豆味噌のこのような特性のおかげで、主な生産地である愛知県で、「味噌煮込みうどん」のような、よく煮込む味噌料理が発達したのかもしれません。
2)おいしい味噌汁を作るためには加熱がポイント
味噌汁を作る場合、味噌の濃い味と釣り合うように、だしはかつお節、煮干しなど好みの素材で濃いめにとったほうがよいでしょう。また、味噌の味や香りを生かすために、加熱の仕方に注意が必要です。

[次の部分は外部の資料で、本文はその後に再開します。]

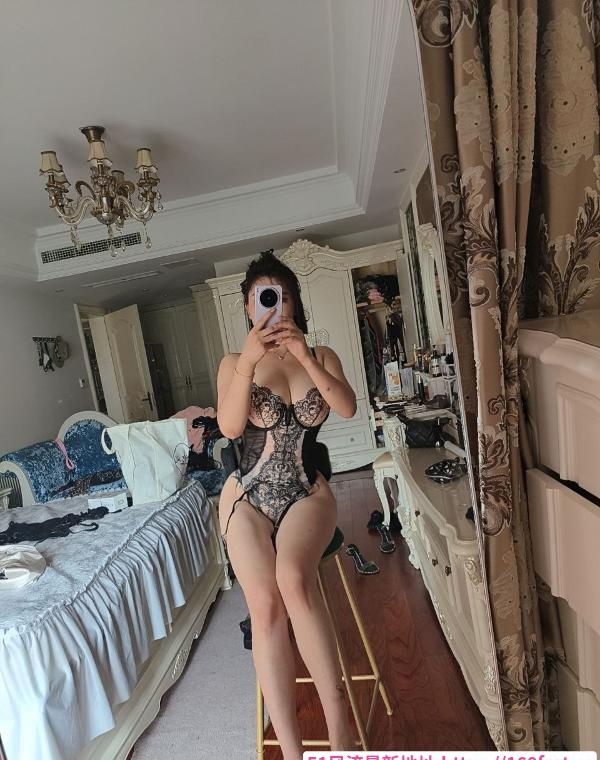 丰乳肥臀的骚妇 1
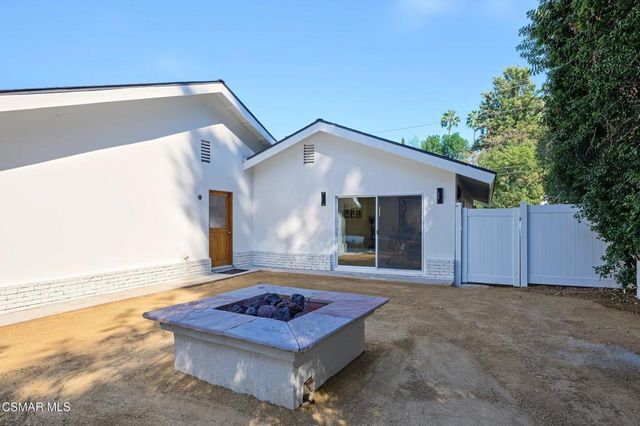 5215 Del Moreno Drive, Woodland Hills, CA 91364
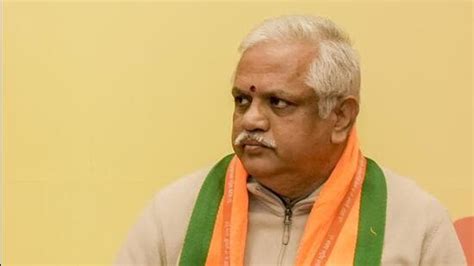 Bjp Forms Member Team To Begin Election Work In Karnataka Latest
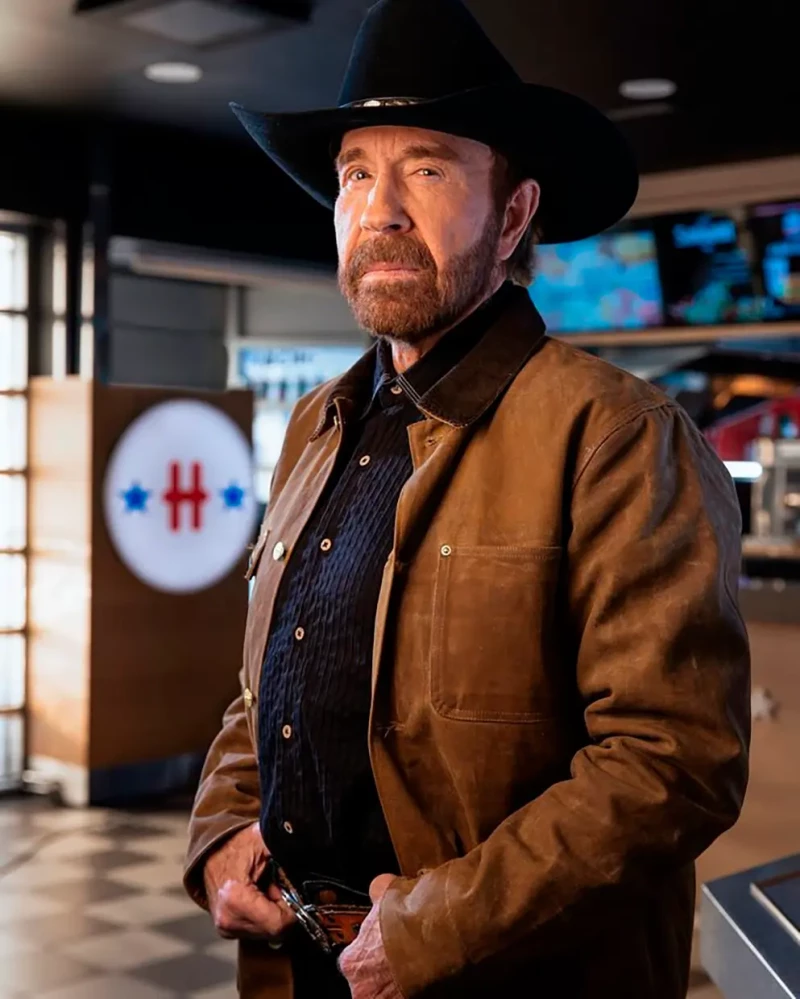 Chuck Norris como Walker, ranger de Texas.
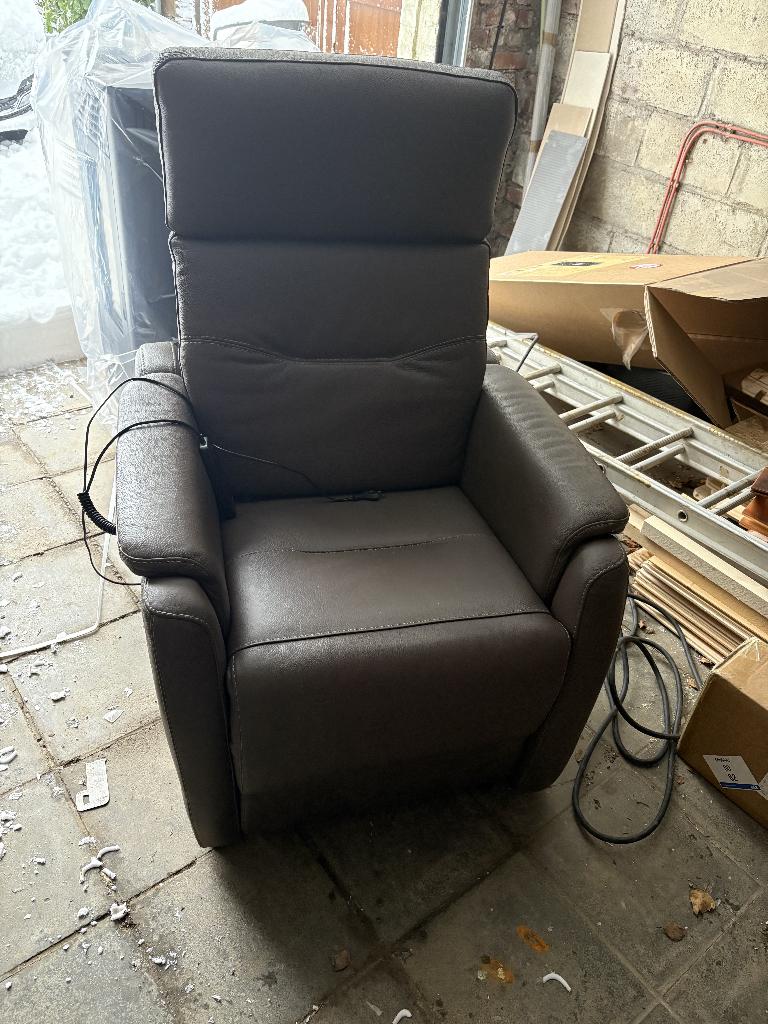 Helios elektrische relaxfauteuil - zeer goede staat, Ophalen, Gebruikt, Leer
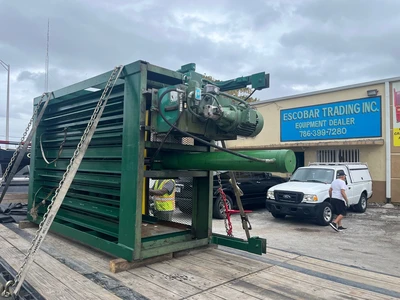 USED 2002 PTR    LOAD KING 2300HD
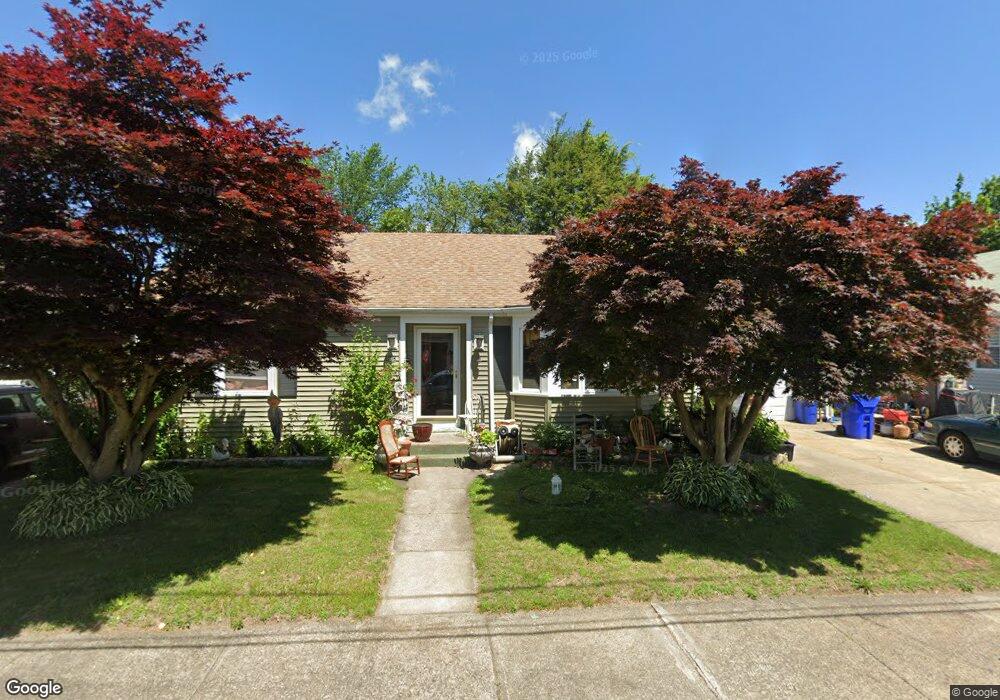 153 W Lawn Ave, Pawtucket, RI 02860 - photo 1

味噌汁を長く加熱すると、しっとりした舌ざわりが損なわれます。また、米味噌がたるの中で熟成されるとき、酵母が糖をアルコールやエステルなどの香り成分へ変化させていますが、このアルコールなどの香り成分は、90度以上になると揮発してしまいます。そのため、おいしい味噌汁を作るためには、味噌は最後に加え、入れた後は煮立てないことが肝要です。
3)味噌汁の味噌は少なめに
味噌汁に味噌を入れすぎたとき、水や湯で薄めると、だしの味ばかりでなく、味噌の風味も薄まってしまいます。初めは味噌を控えめに入れ、味見をして薄ければ味噌を追加するほうがよいでしょう。また、味噌汁を長く煮すぎたり、汁を温め直したりすると、味噌の香りが飛んでしまいます。余分に作らず、なるべく一回の人数分の味噌汁を用意し、食卓に出す直前に温めて味噌を入れ、沸騰直前に火を止めて香りのよい状態で食卓に出すことが大切です。
4)臭み消しの味噌は二度に分けて
煮物に使う味噌は、味噌汁と違って素材の引き立て役です。ですから、味噌を使った煮物は、味を染み込ませるためにも、臭いを取るためにも、加熱の初めに加えておく必要があります。しかし、せっかく使う味噌の香りも失いたくありません。そこで豚汁、鯉(こい)こくのように味噌で長く煮る汁ものや、肉や魚の煮込み料理は、初めに半量の味噌を入れ、ゆっくりと加熱して材料が十分に煮えたところで残りの半量を加え、香りが失われないうちに火を止めます。サバの味噌煮なども初めに味噌を加えて材料を煮含め、仕上げに酒やみりんで風味を出したほうがおいしく仕上がります。